**Action item:** From the line containing "T40 4x4 peridogi" through the last line below, copy every line exactly, leaving out the pictures.

**Exercise data:**
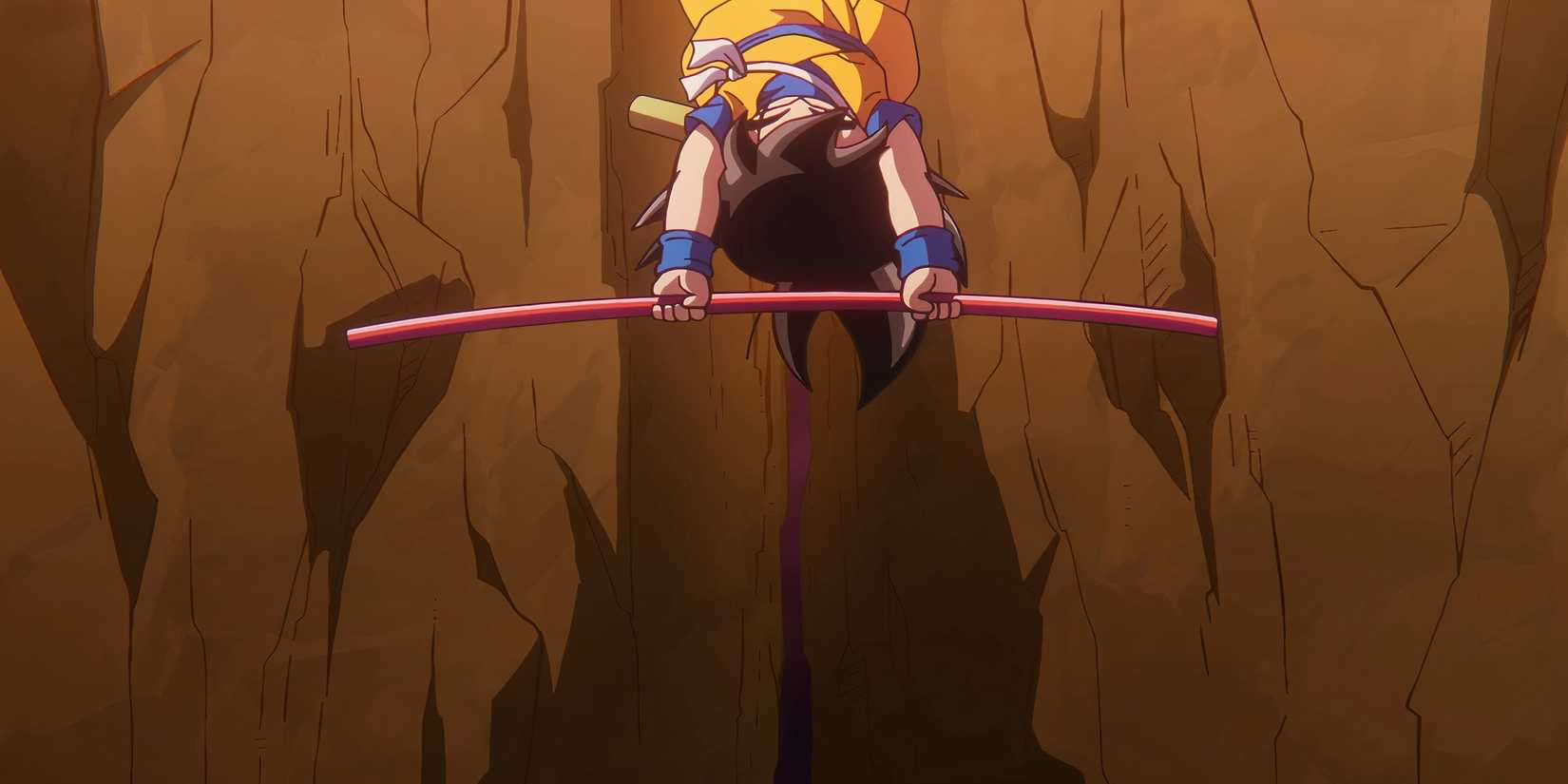 Goku using the Power Pole in episode 8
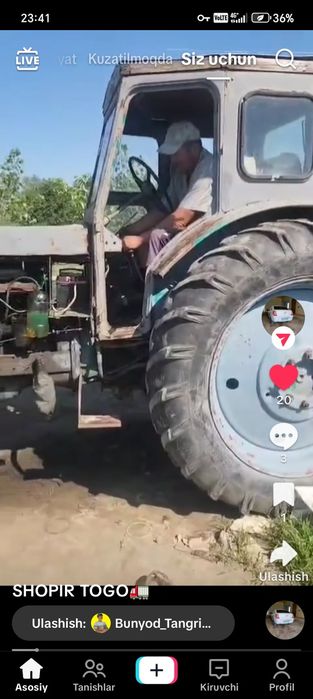 T40 4x4 peridogi bor traktor sotiladi narxi 22mln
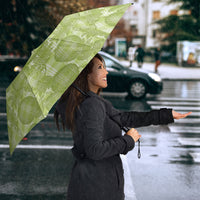 Omaomao Hawaii Breadfruit Palaka Motifs Umbrella LT14 - Polynesian Pride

**Answer to this task:**
 T40 4x4 peridogi bor traktor sotiladi narxi 22mln
 Omaomao Hawaii Breadfruit Palaka Motifs Umbrella LT14 - Polynesian Pride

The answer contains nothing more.